Wolfgang Michal
Umbrüche & Entwicklungen

Sind die Autoren so reich, dass sie ihr Geld verschenken können?

5. September 2016, 16:05

Am kommenden Samstag treffen sich die Mitglieder der Verwertungsgesellschaft Wort im Münchner Hofbräukeller. Es geht um die Rückzahlung der Gelder, die laut Bundesgerichtshof zu Unrecht an die Verlage ausgeschüttet wurden. Die Führung der VG Wort möchte, dass die Autoren zugunsten der Verleger auf das Geld verzichten.

Rund 179.000 Autoren erhielten in diesem Jahr einen Scheck von der Verwertungsgesellschaft Wort (VG Wort). Der durchschnittliche Betrag dürfte zwischen 500 und 1000 Euro gelegen haben, manche bekommen weniger, manche mehr. Die Höhe der Ausschüttungssumme hängt davon ab, wie viel die einzelnen Autoren in welcher Form wo publiziert haben.

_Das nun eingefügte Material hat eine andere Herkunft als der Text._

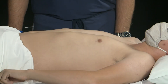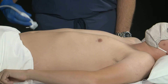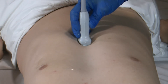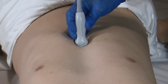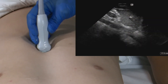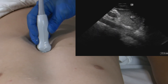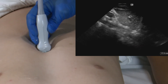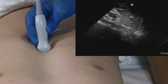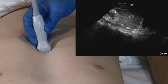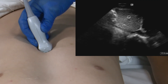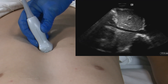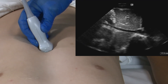To image the inferior vena cava, we're going to place the transducer immediately caudal to the xiphoid process. The marker dot is going to be directed towards the patient's head, and the probe is going to be in a sagittal orientation of the body. Once we have this view, we're going to slowly fan the transducer towards the patient's right until we're able to see the IVC as it's entering into the right atrium.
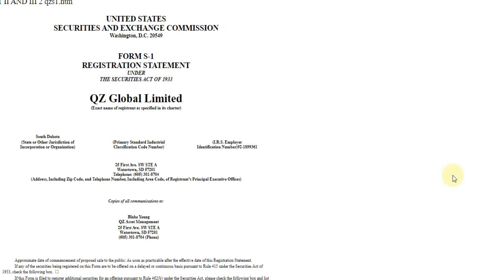QZ Asset Management. Did these guys register with the SEC? Anyways, all of that and more coming up in just a moment. Stay tuned.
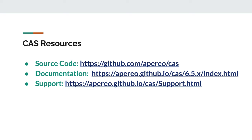With that, I'd like to conclude my brief status of the Apereo CAS project in 2022. Thanks for your attention!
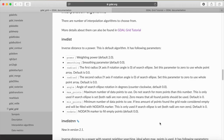Here on the GDAL webpage — linked in the description — you can see the parameters for the inverse distance to a power algorithm. Radius one, radius two, and angle are related to the search ellipse. You can also specify the maximum or minimum number of points to be considered in the weighted average calculation. If there are too few or no points in your search ellipse, the grid node will be assigned a no data value, which defaults to zero.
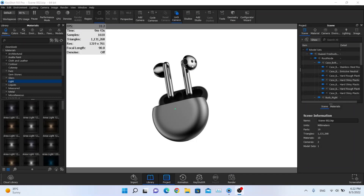Hello boys! In this tutorial I am going to show you how to create a dark version of this render. First of all,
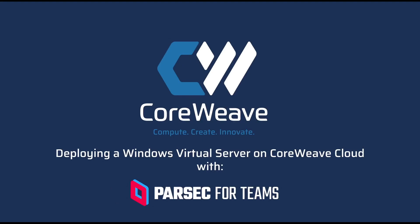Hello everyone and welcome. Shandan here, Windows Engineer with CoreWeave Cloud, and in this video I'll be demonstrating deploying a Windows Virtual Server with Parsec for Teams.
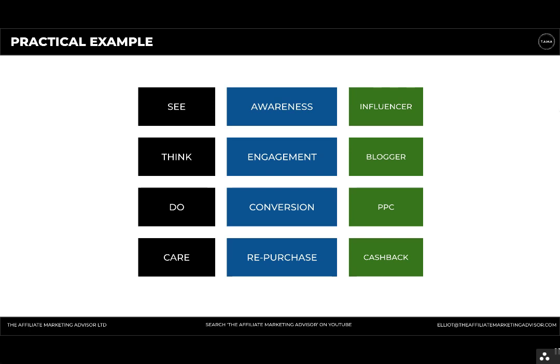In terms of repurchasing, we could work with cashback sites on a return-customer-only basis, where they get a specific cashback rate for purchasing — that same product or similar products as a repeat customer. This is how we could potentially run all of our digital marketing on a paid-on-results basis, covering all areas of the marketing funnel.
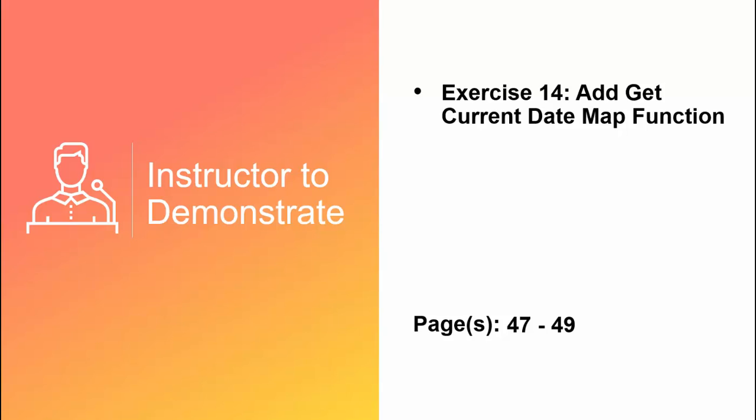This is also going to be in your book on exercise number 14, Add Get Current Date Map function. This is in your book on page 47 to 49.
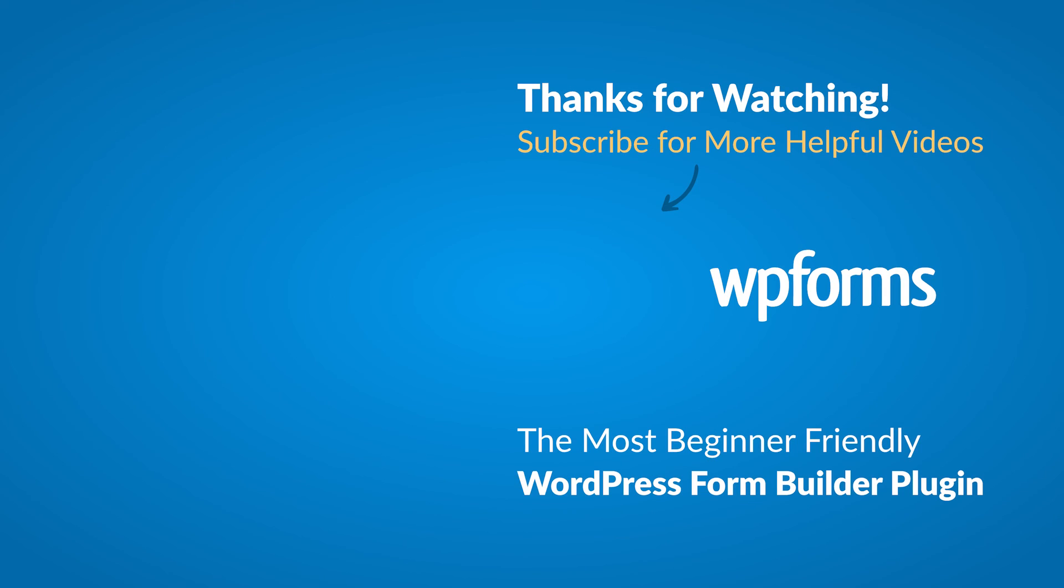Hey everybody, this is Daisy with WPForms. Thank you so much for watching, and if you enjoyed this video or found it helpful, please give it a like and subscribe to our YouTube channel, where I can show you how to build smarter forms with WPForms through our how-to videos and more.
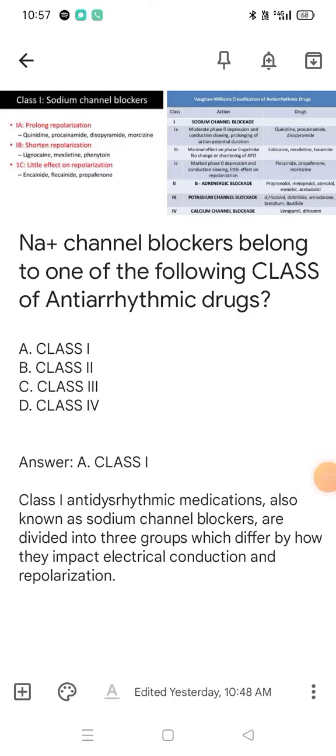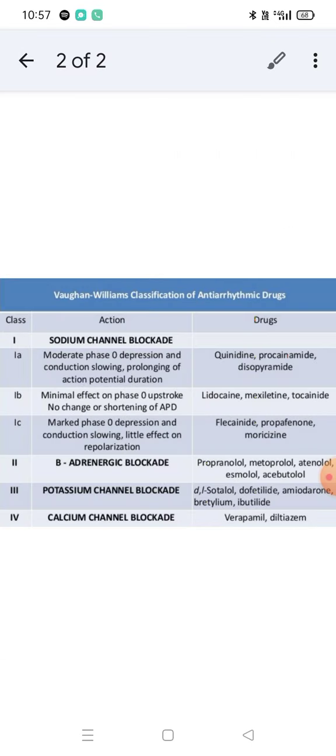The question is: sodium channel blockers belong to which class of antiarrhythmic drugs? The answer is Class 1. Sodium channel blockers are classified by the Vaughan Williams classification into four classes, and sodium channel blockers come under Class 1.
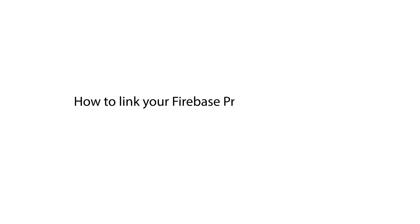Hello guys, in this tutorial we will tell you how to link your Firebase project to BigQuery.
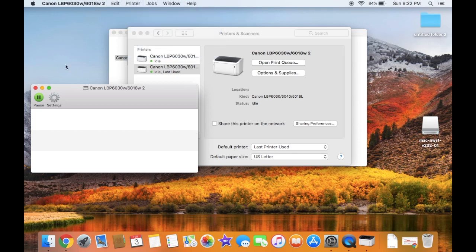That's how you set up a Canon LBP6030W printer on a Mac. Thank you so much for watching. If you don't have that USB cable, click the link in the description below. Thank you for watching, I'll see you later.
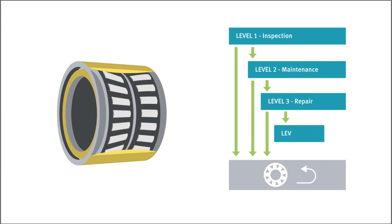Bearings that exhibit extreme damage, such as cracks, receive a general overhaul. Important functional elements, such as rings, are replaced with new components.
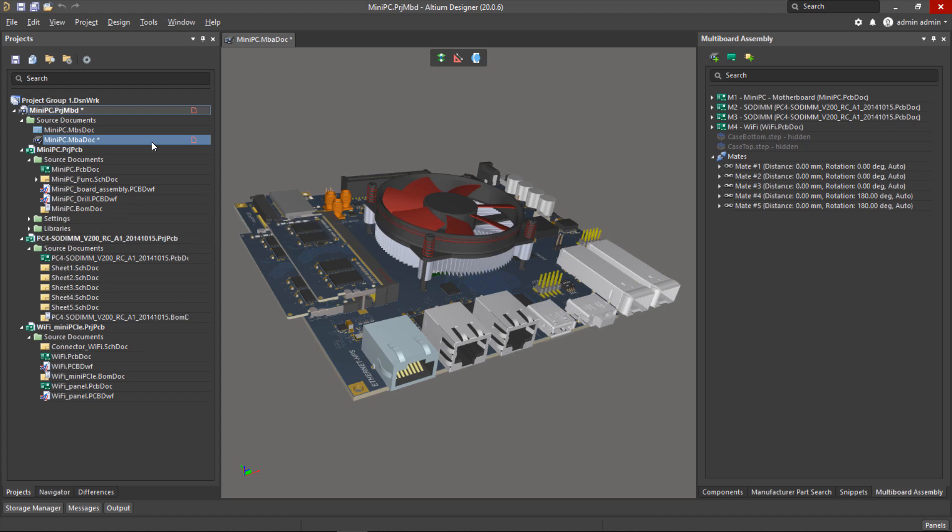At the top we have a high-level placeholder for the multi-board assembly itself, and we want to create an active BOM for this rather than the individual child projects.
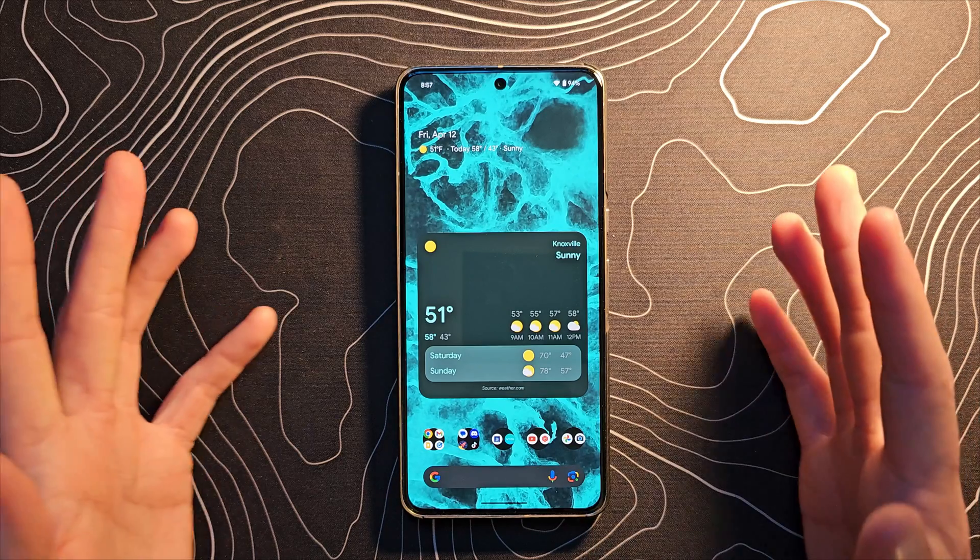Android 15 Beta 1 is live and I've installed it on my Pixel 8 Pro. In this video I'm going to show you the new stuff in Beta 1. There are some developer-facing things I won't cover — this video is just about what the end user will actually see. At the end we'll also talk about features that were present in earlier developer previews for Android 15 but aren't currently in Beta 1.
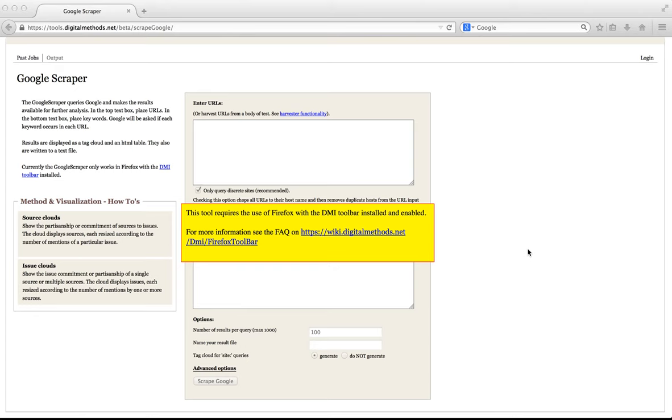In this video I will explain the Google Scraper. The Google Scraper, also known as the Libmanian device, is a tool which sits on top of Google. It allows you to batch query Google, search and retrieve the results as a spreadsheet or tag cloud.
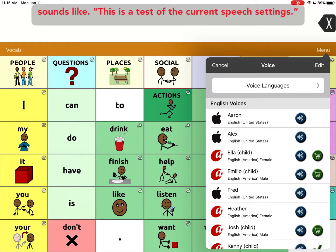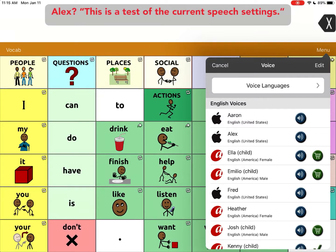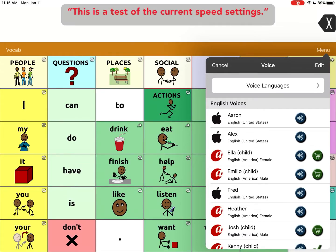I can choose and preview the voice. Let's see what Aaron sounds like: 'This is a test of the current speech settings.' So that's what Aaron sounds like. What about Alex? 'This is a test of the current speech settings.'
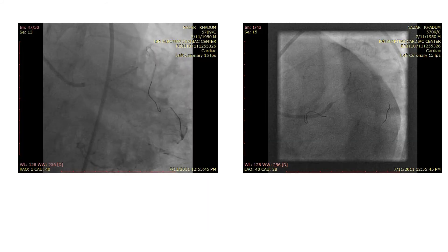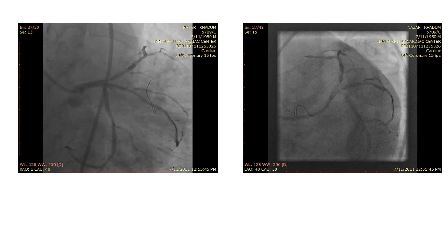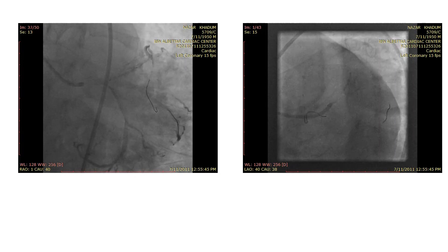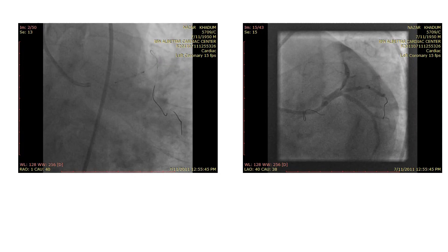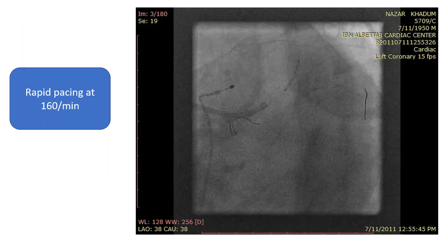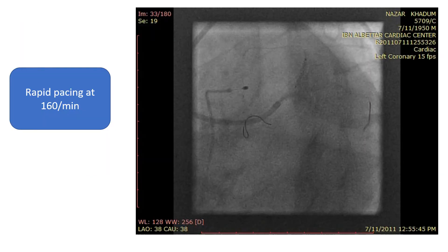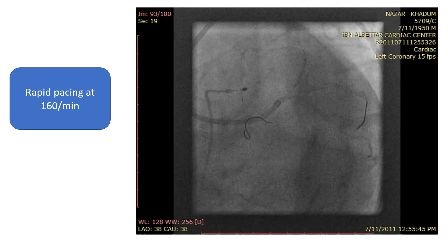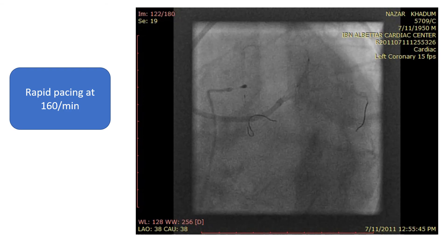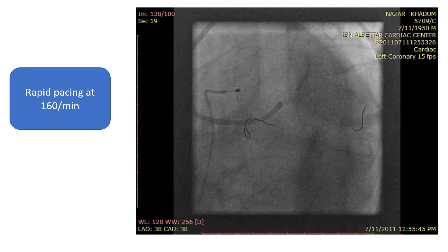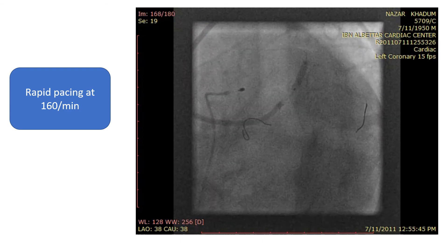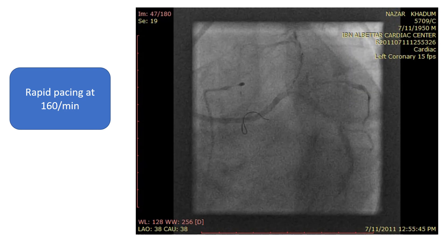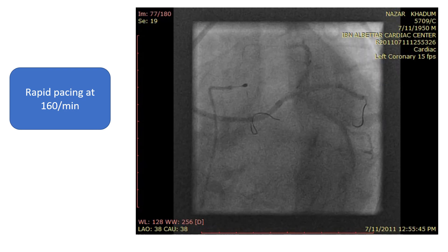If you push the stent, you will miss the ostium. If you pull it, you have to deploy it in the main stem. So we used rapid ventricular pacing at a rate of 160 per minute, and in that way we were able to immobilize the stent and deploy it at the right location at the ostium of the LAD.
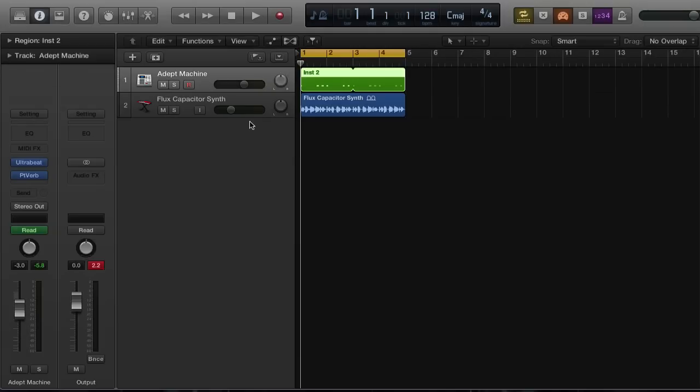Hey, what's up guys, Eddie Martinez here with Recording Radio and Film Connection, and welcome back to another Logic Pro X tutorial. In this video we're gonna learn how to do a pitch shifted drum roll. So let's go ahead and begin.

Das Geld ist der Ausgleich für die so genannte Privatkopie, die im Urheberrecht in den Paragraphen 53 und 54 geregelt ist: Wer Texte „zum privaten Gebrauch“ kopiert, scannt, speichert oder ausdruckt, zahlt für diese Nutzungen einen winzigen Bruchteil an die Verwertungsgesellschaft Wort. Diese schüttet das Geld nach einem ausgetüftelten Verteilungsplan einmal im Jahr an die wahrnehmungsberechtigten Autoren und Verlage aus. Allerdings zahlen die Nutzer die Abgabe für die Privatkopie nicht direkt – sie ist bereits im Kaufpreis für Computer, Scanner, Kopierer, Drucker, Speichersticks, Smartphones, Tablets etc. enthalten. Vom Ladenpreis eines Smartphones gehen derzeit 6,25 Euro an die Verwertungsgesellschaften. 2015 machten solche Geräteabgaben rund 90 Prozent der Einnahmen der VG Wort aus.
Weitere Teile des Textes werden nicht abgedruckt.